The court below sustained another claim made by the plaintiffs, and that was that the words, “ the life thereof,” referred to the shed, and not to the presbyterian society. "We have no occasion therefore to review that question, but assuming that it was correctly decided, we will consider whether the court was right in overruling the other claim. The language used is the language of the grantor, in naming an incumbrance outstanding in a third party, as an exception in the clause warranting the premises to be- free from incumbrances. This language must have its ordinary meaning applied to a matter of this kind, as we discover nothing in the deed, or the circumstances of the case, to qualify that meaning, or show that it was used in a different sense.
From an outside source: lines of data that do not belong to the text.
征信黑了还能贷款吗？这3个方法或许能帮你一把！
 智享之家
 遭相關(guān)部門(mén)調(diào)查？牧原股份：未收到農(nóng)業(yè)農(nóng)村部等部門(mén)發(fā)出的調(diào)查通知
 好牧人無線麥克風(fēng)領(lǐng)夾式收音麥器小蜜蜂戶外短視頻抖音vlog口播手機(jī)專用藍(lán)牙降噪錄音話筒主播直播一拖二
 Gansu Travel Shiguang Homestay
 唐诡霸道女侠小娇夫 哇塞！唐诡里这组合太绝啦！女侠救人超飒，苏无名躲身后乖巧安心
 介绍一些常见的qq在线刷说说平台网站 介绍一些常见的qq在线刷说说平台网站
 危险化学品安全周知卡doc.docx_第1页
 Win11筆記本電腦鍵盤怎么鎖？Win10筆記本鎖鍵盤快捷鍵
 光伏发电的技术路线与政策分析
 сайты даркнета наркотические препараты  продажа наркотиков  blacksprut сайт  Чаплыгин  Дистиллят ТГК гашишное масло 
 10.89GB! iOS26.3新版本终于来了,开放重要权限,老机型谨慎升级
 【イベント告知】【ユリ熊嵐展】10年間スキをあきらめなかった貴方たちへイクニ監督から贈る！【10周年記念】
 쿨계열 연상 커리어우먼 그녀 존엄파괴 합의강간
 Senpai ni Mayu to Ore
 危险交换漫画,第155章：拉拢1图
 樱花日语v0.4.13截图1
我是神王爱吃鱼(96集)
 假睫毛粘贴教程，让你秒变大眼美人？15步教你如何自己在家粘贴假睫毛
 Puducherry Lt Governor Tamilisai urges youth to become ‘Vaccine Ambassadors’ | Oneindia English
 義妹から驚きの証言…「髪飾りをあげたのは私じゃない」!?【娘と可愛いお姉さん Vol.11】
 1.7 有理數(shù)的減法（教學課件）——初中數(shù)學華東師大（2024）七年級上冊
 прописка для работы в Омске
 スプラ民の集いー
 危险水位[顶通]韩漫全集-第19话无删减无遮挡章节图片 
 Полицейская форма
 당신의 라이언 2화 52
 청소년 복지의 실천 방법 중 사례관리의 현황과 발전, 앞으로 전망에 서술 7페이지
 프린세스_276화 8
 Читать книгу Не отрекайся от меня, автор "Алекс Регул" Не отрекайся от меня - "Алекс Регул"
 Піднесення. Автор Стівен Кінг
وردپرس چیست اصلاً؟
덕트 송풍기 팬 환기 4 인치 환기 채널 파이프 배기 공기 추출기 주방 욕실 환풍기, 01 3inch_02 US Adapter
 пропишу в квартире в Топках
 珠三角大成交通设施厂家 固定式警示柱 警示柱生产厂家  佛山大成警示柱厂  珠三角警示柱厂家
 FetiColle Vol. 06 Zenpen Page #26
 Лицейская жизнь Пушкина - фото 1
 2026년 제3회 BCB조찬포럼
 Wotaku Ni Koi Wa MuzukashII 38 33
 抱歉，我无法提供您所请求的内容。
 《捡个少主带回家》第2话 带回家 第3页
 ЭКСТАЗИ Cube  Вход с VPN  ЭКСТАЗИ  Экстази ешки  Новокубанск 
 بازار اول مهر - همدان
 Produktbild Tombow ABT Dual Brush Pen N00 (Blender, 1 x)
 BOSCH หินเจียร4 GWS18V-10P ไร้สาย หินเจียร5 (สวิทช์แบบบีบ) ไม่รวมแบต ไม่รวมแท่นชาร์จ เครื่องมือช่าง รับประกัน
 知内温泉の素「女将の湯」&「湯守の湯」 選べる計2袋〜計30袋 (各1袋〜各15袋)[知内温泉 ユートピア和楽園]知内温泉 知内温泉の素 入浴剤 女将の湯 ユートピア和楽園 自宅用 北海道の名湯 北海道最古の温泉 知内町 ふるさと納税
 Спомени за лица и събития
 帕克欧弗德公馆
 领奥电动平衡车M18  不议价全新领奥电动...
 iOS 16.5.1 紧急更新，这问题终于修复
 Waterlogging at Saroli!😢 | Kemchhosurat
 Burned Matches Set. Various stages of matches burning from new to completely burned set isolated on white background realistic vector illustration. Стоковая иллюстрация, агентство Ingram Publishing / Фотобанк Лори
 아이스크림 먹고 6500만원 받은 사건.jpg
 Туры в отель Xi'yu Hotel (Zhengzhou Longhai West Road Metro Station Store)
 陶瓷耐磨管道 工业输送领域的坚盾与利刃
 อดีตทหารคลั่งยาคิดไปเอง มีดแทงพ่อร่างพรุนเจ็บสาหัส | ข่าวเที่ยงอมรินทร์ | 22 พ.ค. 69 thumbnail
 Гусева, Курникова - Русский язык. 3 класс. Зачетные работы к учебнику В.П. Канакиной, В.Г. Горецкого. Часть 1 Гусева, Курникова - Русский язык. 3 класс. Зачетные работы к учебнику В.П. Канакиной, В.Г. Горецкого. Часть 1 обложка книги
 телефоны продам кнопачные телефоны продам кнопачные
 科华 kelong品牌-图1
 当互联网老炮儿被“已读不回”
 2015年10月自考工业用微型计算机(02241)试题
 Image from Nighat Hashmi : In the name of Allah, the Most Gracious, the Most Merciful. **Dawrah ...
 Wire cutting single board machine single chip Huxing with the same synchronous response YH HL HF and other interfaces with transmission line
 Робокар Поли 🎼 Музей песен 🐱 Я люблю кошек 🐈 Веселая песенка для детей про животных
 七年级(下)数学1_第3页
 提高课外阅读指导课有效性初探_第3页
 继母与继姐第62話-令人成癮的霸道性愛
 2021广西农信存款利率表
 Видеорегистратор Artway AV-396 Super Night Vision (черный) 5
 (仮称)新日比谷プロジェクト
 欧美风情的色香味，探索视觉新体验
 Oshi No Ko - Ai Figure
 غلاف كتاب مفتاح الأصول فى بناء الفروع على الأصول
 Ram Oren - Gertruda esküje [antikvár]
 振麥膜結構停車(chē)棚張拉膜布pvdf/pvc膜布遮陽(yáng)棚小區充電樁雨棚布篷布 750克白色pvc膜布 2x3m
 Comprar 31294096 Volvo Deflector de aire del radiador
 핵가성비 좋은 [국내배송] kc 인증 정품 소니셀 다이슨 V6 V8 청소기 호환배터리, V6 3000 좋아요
What then is meant by the life of a shed ? We suppose that it must refer to the continuance or existence of the shed as such, and that the clause in the deed is equivalent to saying, that the shed, so long as it can be reasonably used for the purpose for which it was erected, may continue to stand on the land conveyed. The universal practice among men of ordinary prudence is to keep in suitable repair all such buildings, and thus prolong their existence and usefulness. To do otherwise would be waste and improvidence. The fair inference then is, that the parties to this deed must have contemplated and understood that the owners of this shed would treat and use it precisely as men ordinarily treat and use buildings of that description; and that would include reasonable repairs from time to time as the same were needed. The facts found by the court show, “ that said shed was in life and being and had an existence as a horse-shed, and was used as such by the defendants at the time of the alleged trespass; that the repairs made by the defendants, which constituted the trespass complained of in this action, were not a rebuilding of the shed, and did not destroy its life.”
Upon these faets we áre satisfied that the ruling of the court below was right, and that there was no error in the judgment.
In this opinion the other judges concurred; except Seymour, J., who having been consulted in the case when at the bar did not sit.